学期末が近づいて、授業時間内で学生のプレゼンが始まりました。これは成績
の最終評価に大きく影響するだけに学生も真剣です。1回の授業につき発表者
は5人で、4日間行われます。

2週間ほど前に発表順序を決めました。まず、全員にくじを引かせて選択順序
を決定します。次に、一番くじを引いた学生からスケジュールの一覧表に希望
する順番を埋めてゆきます。彼らの選好順序を見ていると、まず2日目および
3日目が埋まります。そして、最終日が詰まってしまうと残りは1日目だけに
なります。このような学生の行動は、日本と同じで大変興味深い光景でした。
(まるで経済学の例題を見ているようです)

さて、実際の発表で一番印象深いのは、アメリカの大学生は1年生であっても、
かなり自信を持ってプレゼンをしていることです。皆がチーティング・シート
を手に持っていますが、これを読み上げるようなことはしません。この自信の
裏付けは、それまで授業の課題にされてきた事前調査をしっかりこなしている
ところにあるように思います。全員がPowerpointに加えて、PDFやYouTubeなど
を駆使しており、自分の意見である結論も明確にできるプレゼンレベルの高さ
に感動しました。

学生が周到に事前の発表準備をしているということは、さまざまな面から推察
できます。まず、チーティングシートについてです。日本では、ルーズリーフ
に手書きの台本というスタイルをよく目にします。こちらではスライドに対応
したカード型を使っています。ここに台本が印刷または貼り付けられており、
上手い利用方法に納得です。

そして、発表者はきちんとした格好をしています。普段は男女ともにTシャツ
に短パン、サンダルというかなりラフな格好ですが、発表の時には男子学生は
襟付きのシャツにスラックス、女子はワンピースを着ています。ですから教室
を見渡すと、当日の発表者は誰かが一目瞭然です。

さらに、授業の始まる前には、事前に教室のプロジェクタに投影し、自分たち
でチェックを行っています。プレゼンの冒頭には、きちんと自己紹介を兼ねた
挨拶もできています。ピアレビューの評価表を見ると、テクニカルな部分より
内容重視になっていますが、ほとんどの学生がプレゼンの技術的側面もきちん
とできています。

学生の発表テーマはさまざまです。内容には、一年前にメキシコ湾で起こった
BPの石油流出事故、若者のfacebook、ネットでの不正アクセス、遺伝子工学の
視点での食糧問題、子どもがTVをみる影響、学生の仕事が与える影響、教育へ
対する州の財政支出・・・など、さまざまです。
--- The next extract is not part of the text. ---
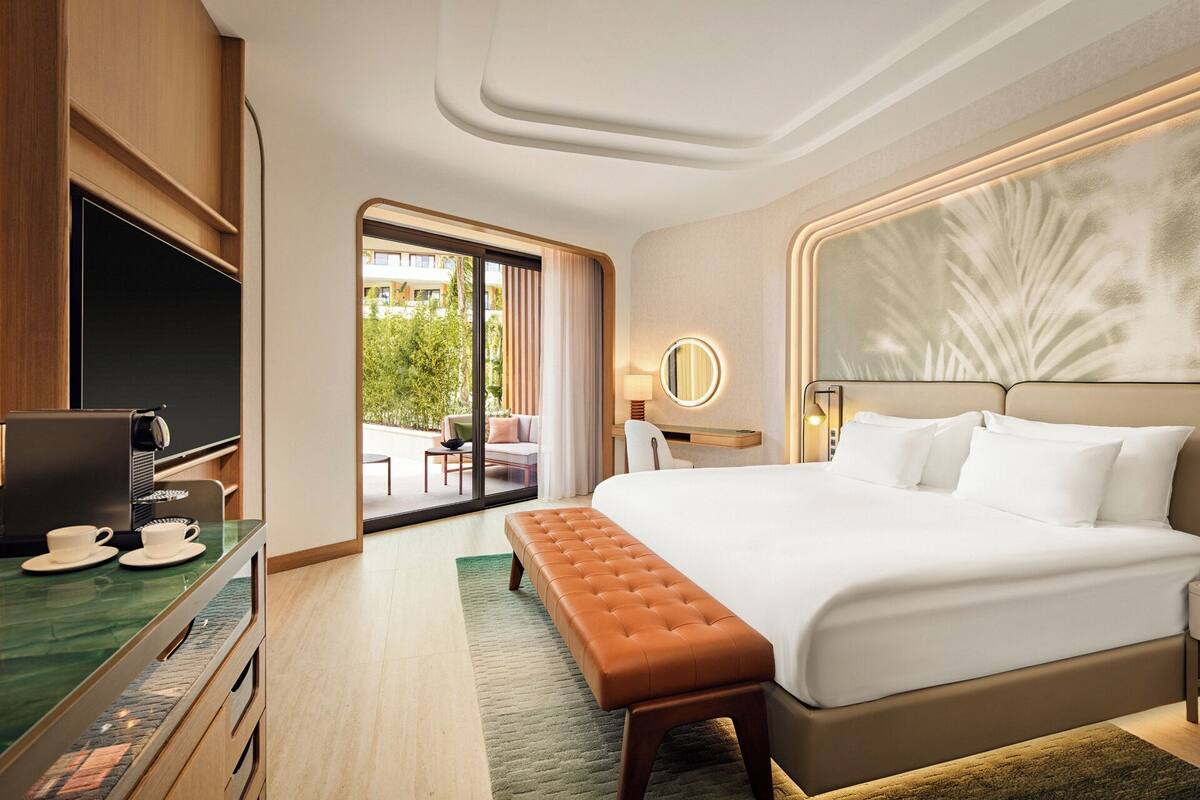 A modern hotel room with a large bed, a desk with a laptop, a coffee station, and a view of the outdoors.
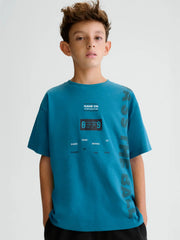 Boy wearing the Mayoral t-shirt.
特に、自分の専門に関わった
テーマというわけではありません。

発表に至る過程には、学期の始まりに各自がテーマを決めて、それぞれ調査を
進めます。最初にネットでのツールとしてCQやEBSCOを使って、関連の文献と
議論の集約結果を授業に持ち寄ります。図書館のオンラインサービスの使い方
では、研究の基本スタイルを実践的に覚えることができます。次に、それらを
まとめる作業(参考文献リストや引用方法)を行ないます。文献の要旨を書く
課題では、大学のライティングセンターを活用させたり、学生同士のダメ出し
というピアレビューを実施していました。さらにスプリング・ブレイクを利用
してインタビューを実施しなくてはなりません。このようなプロセスを経て、
研究テーマを煮詰めてゆきます。

約10週間にわたる週2回の対面授業と1回のオンラインによって、内容の豊富さ
でかなりのレベルに到達することが分かります。さながら日本では、ゼミでの
研究という印象を受けました。このような調査作業は常にファイリングをして、
数回にわたり教員が確認をします。今回のプレゼンは、これまでの作業を下地
にして最終的に自分の意見をまとめた発表です。

プレゼンに関する自己・相互評価表を自分で印刷しておき、発表直前にそれを
教員に渡します。すると点数やコメントが加えられて、授業時間の最後に返却
されます。即時にレスポンスをもらえるのは、学生にとって有益なことと思い
ます。

以上のように学生も教員も大変ですが、とても参考になった授業形態でした。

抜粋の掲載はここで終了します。